YOUR GOAL: Find the line with "ratificar como magistrada" in the data below. Repeat it and every line after it up to the end, exactly, but drop the pictures.

RECORDS SUPPLIED:
<<<<
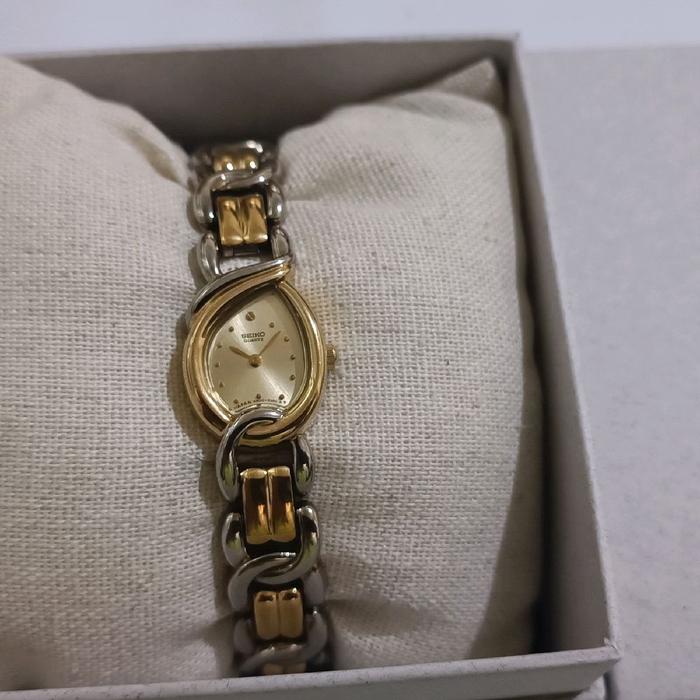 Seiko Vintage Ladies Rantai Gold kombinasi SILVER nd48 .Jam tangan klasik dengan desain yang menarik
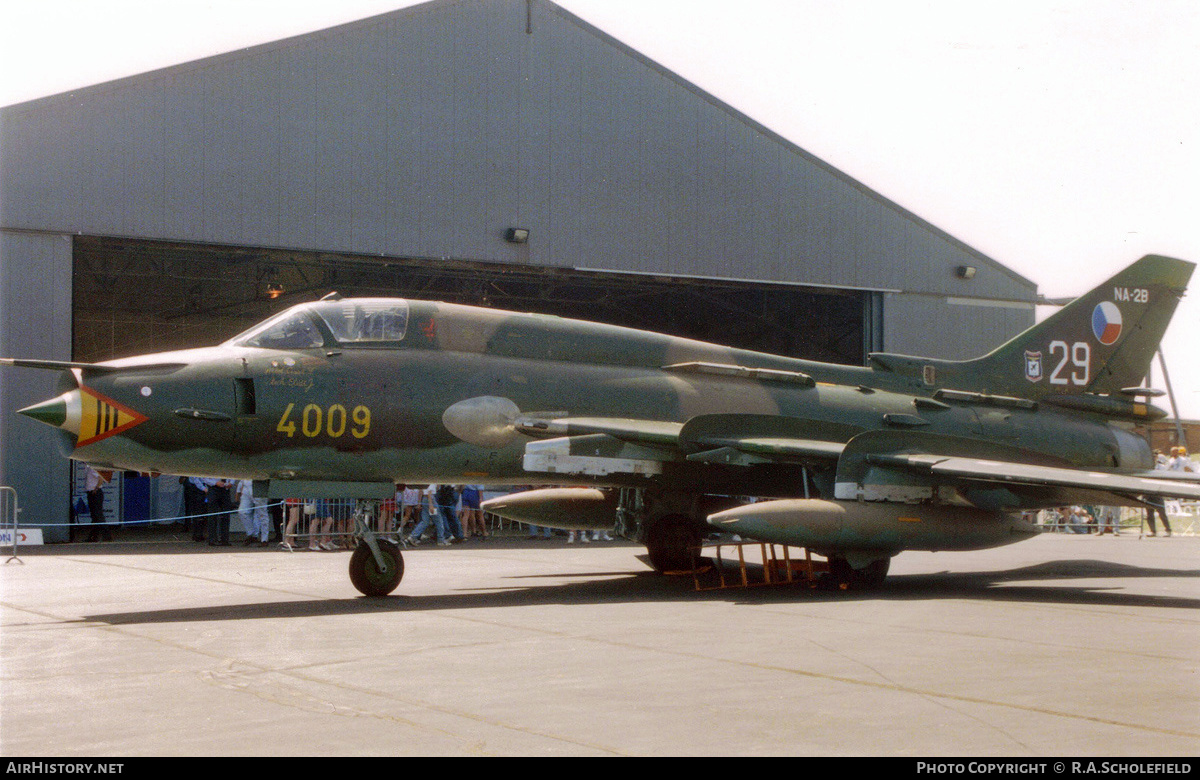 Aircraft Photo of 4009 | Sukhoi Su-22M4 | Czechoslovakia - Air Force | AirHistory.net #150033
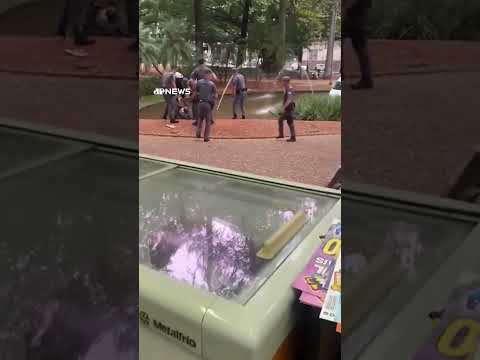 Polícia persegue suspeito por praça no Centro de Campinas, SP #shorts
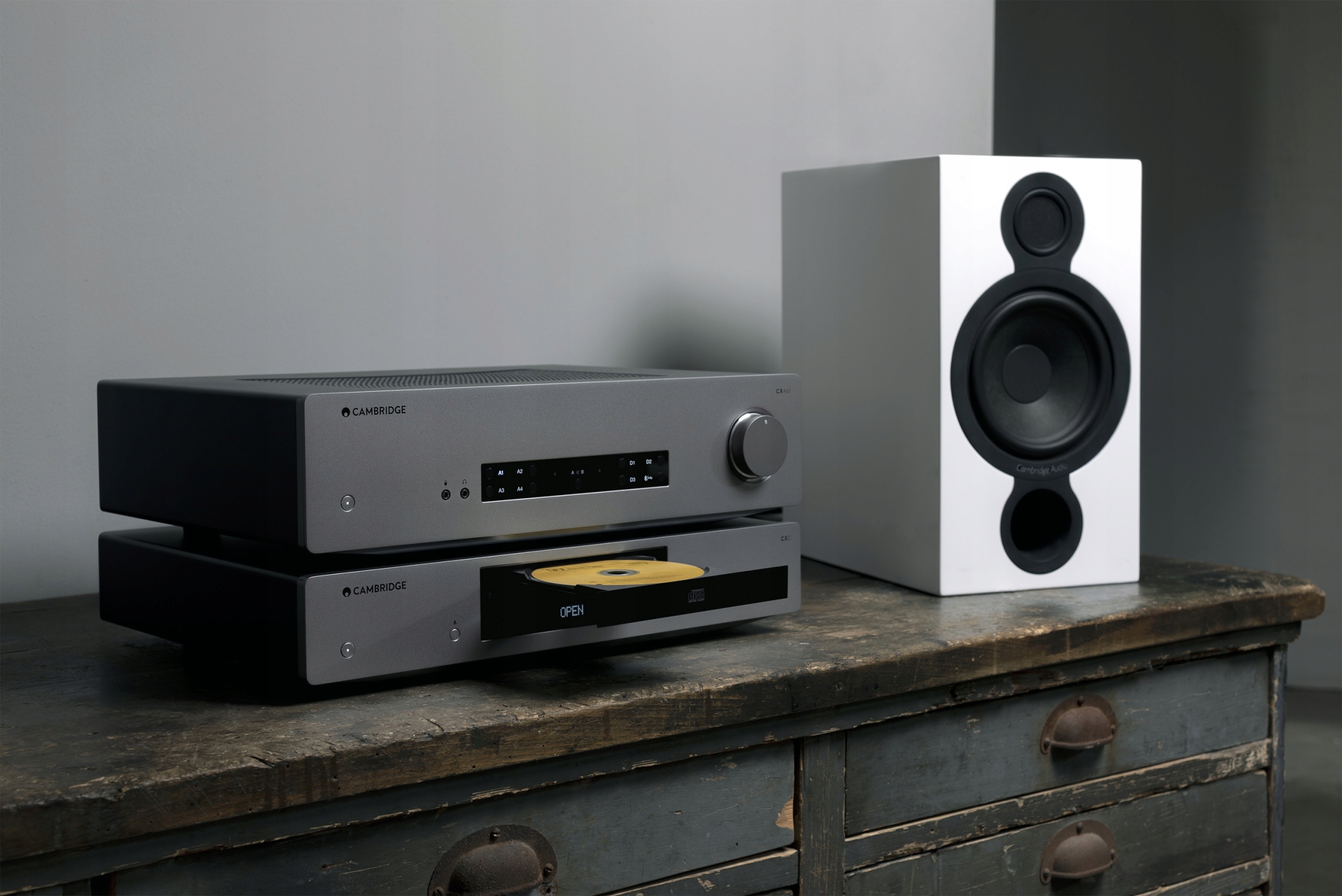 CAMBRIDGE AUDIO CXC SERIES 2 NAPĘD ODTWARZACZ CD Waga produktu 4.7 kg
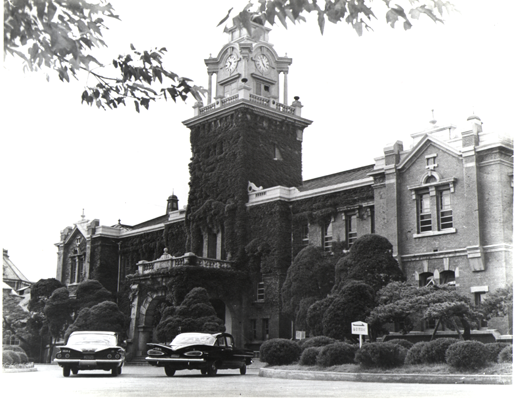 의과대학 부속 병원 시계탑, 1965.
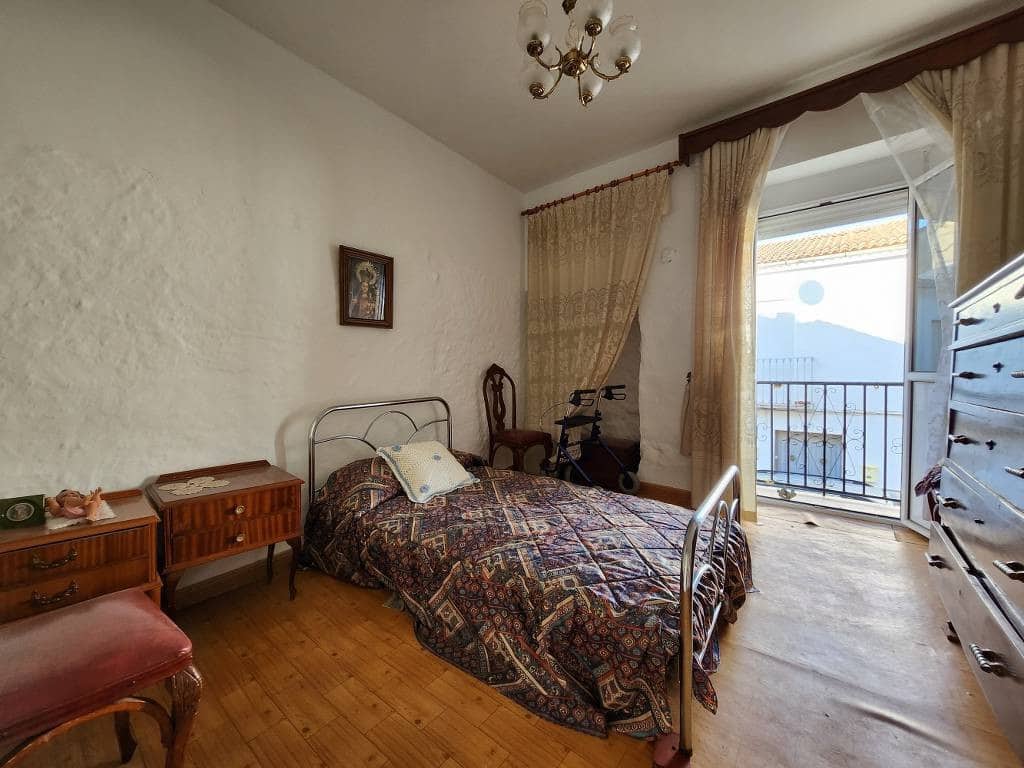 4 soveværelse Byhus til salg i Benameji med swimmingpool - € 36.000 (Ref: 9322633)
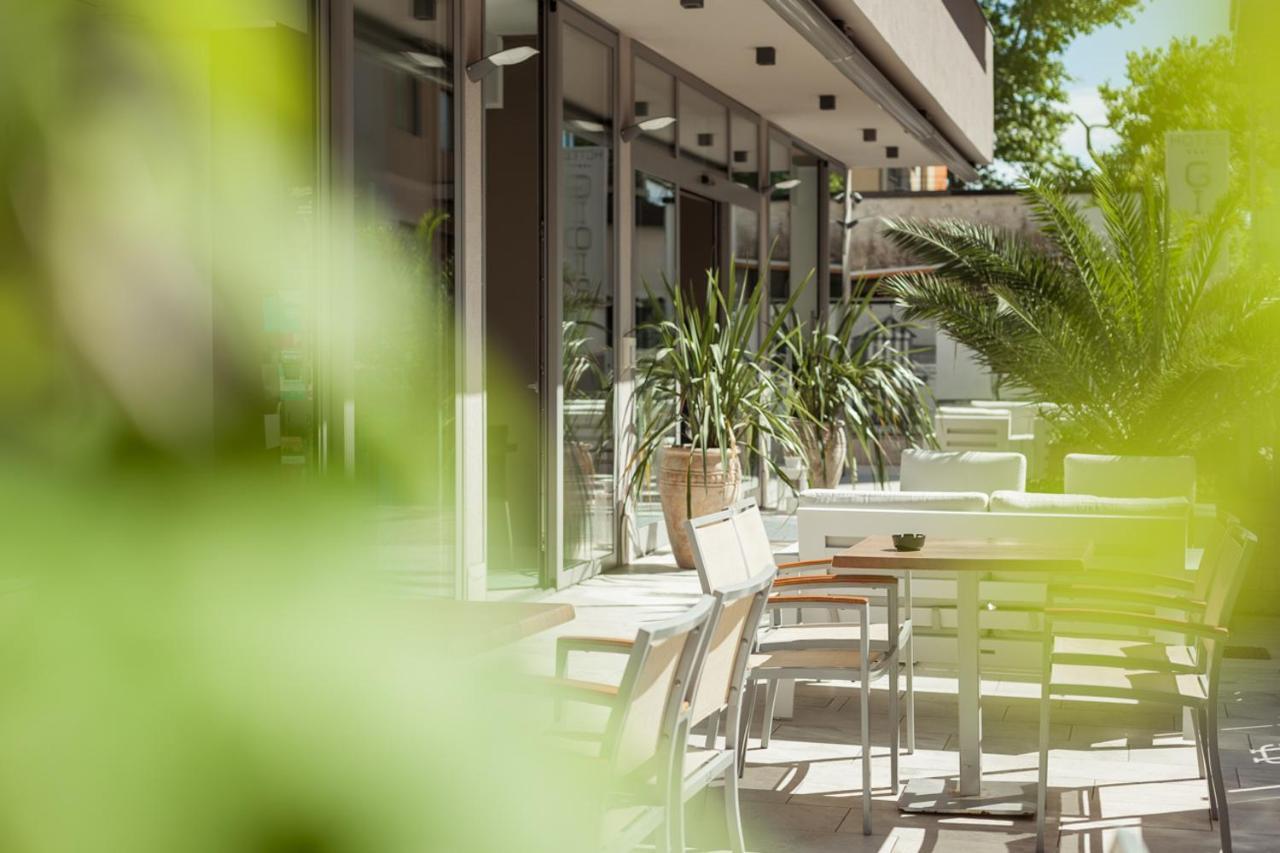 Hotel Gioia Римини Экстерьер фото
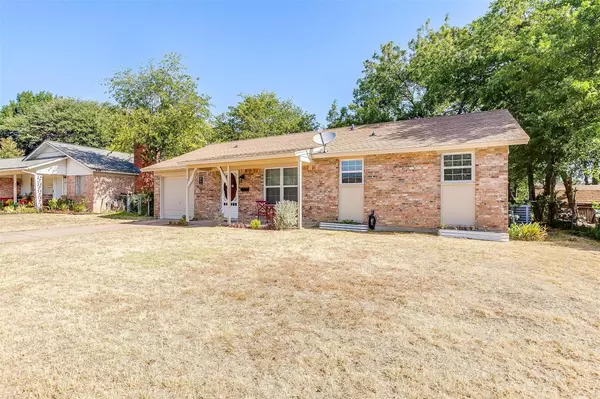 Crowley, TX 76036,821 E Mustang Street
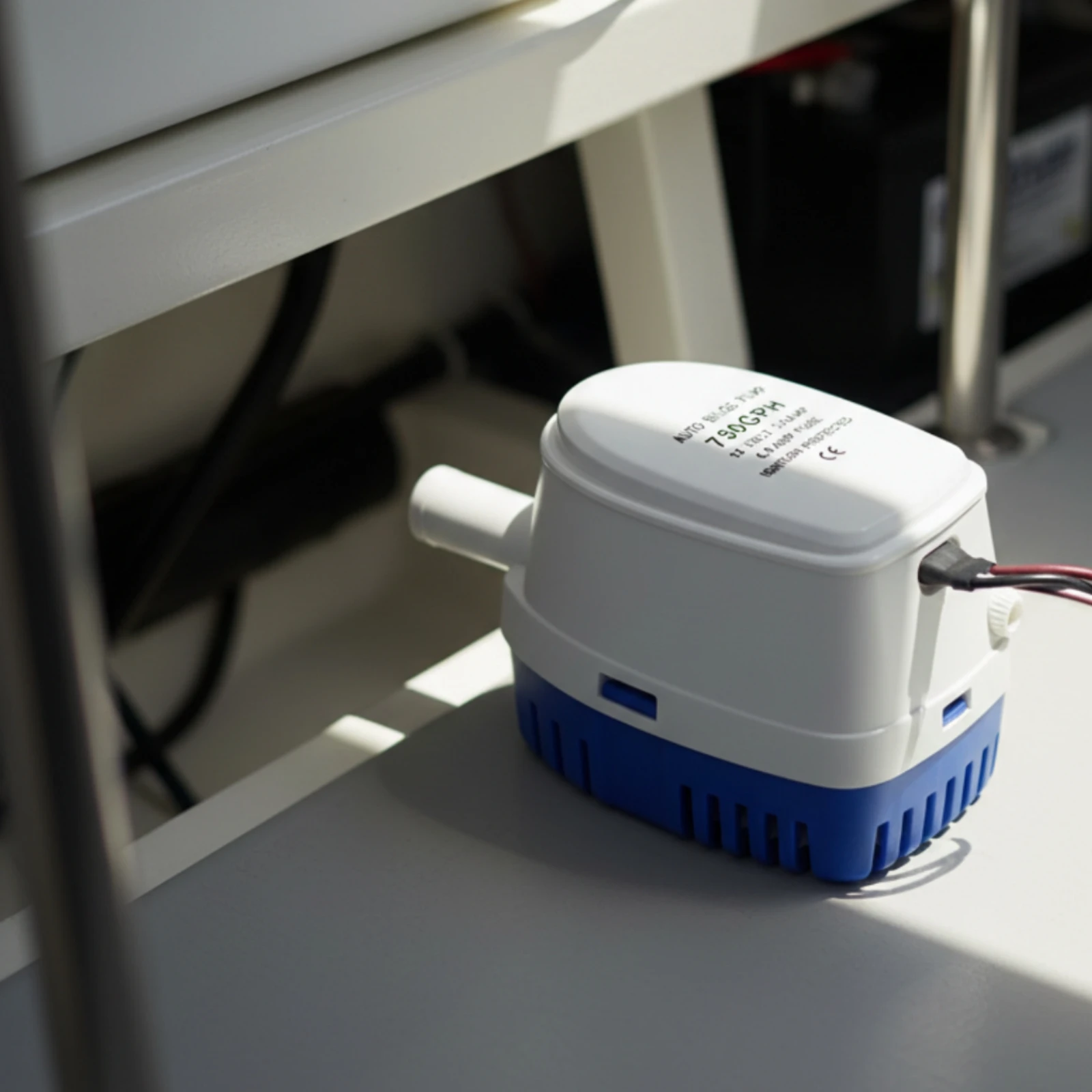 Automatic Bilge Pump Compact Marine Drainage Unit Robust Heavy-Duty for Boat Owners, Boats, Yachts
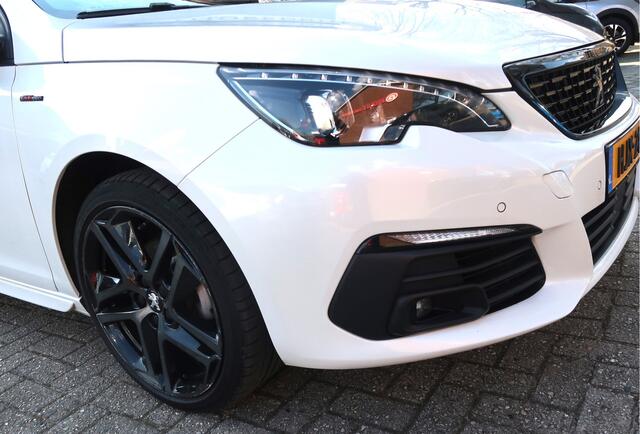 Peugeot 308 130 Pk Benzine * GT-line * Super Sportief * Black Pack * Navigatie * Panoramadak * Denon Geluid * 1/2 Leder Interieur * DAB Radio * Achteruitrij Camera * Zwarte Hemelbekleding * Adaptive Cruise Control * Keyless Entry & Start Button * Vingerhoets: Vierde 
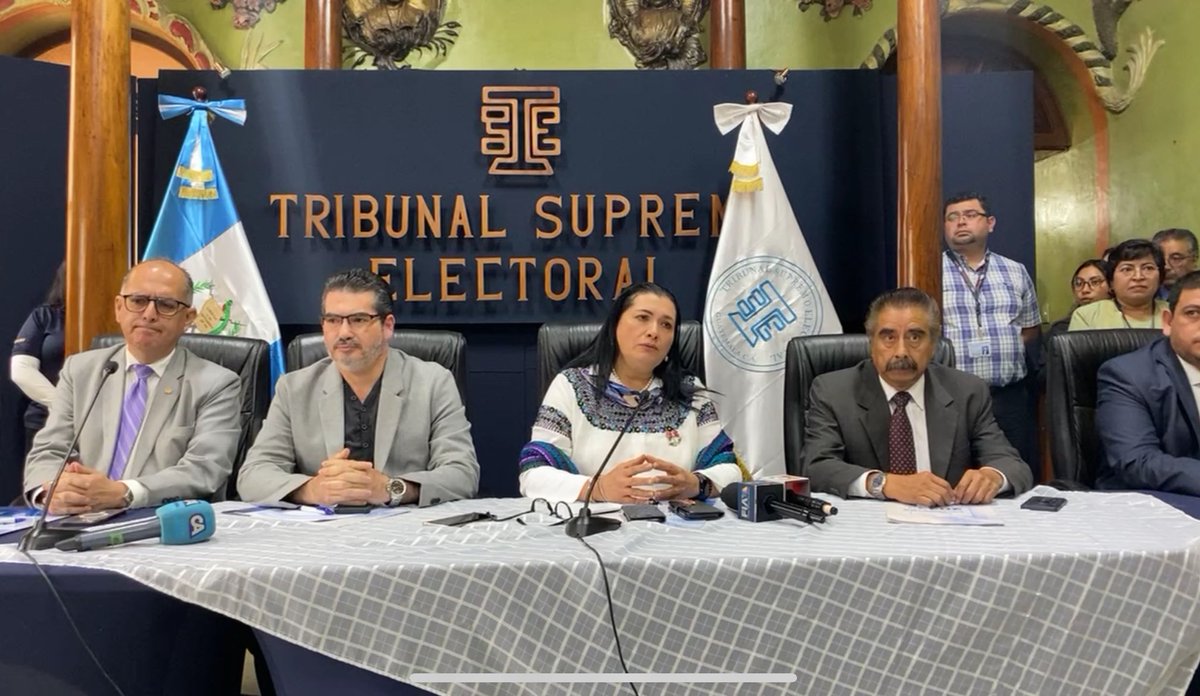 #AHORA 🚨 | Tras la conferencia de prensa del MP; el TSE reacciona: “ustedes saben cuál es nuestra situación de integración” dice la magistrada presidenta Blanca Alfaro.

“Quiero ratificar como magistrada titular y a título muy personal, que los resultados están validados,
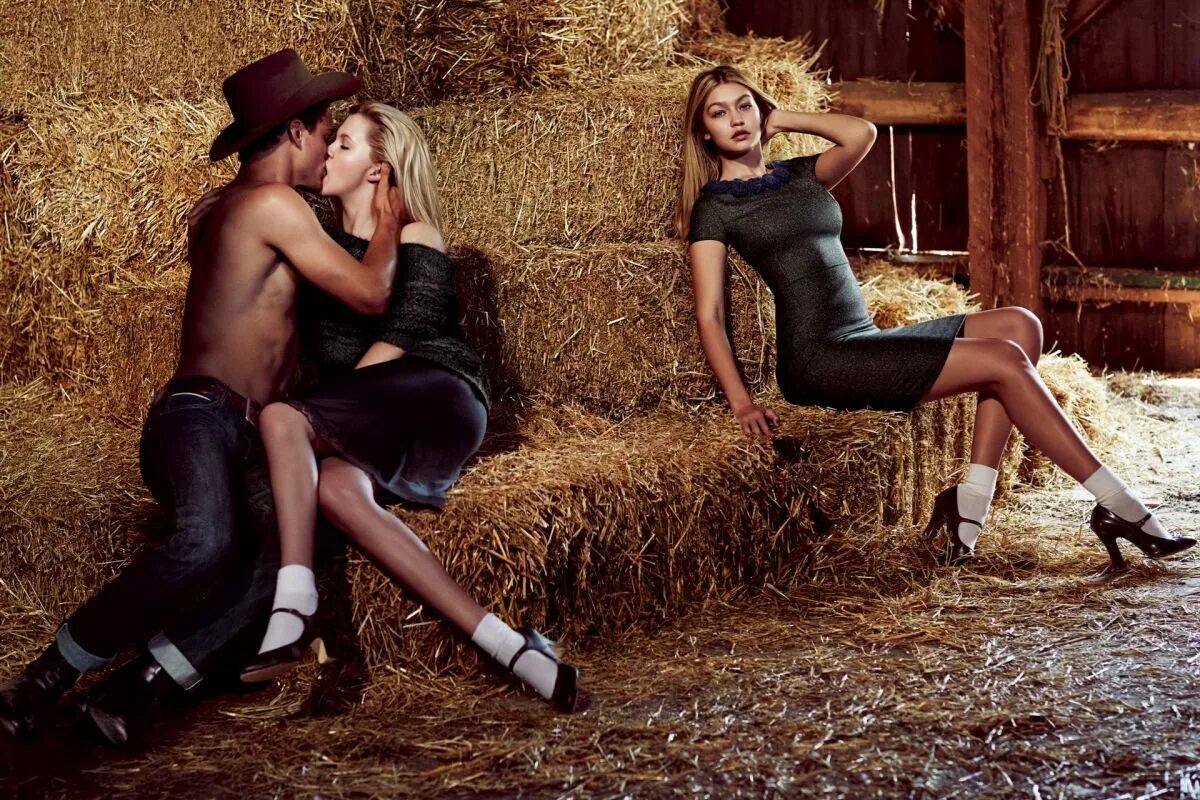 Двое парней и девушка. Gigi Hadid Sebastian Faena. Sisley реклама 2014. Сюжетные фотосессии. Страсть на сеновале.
>>>>
ANSWER BOX:
“Quiero ratificar como magistrada titular y a título muy personal, que los resultados están validados,
 Двое парней и девушка. Gigi Hadid Sebastian Faena. Sisley реклама 2014. Сюжетные фотосессии. Страсть на сеновале.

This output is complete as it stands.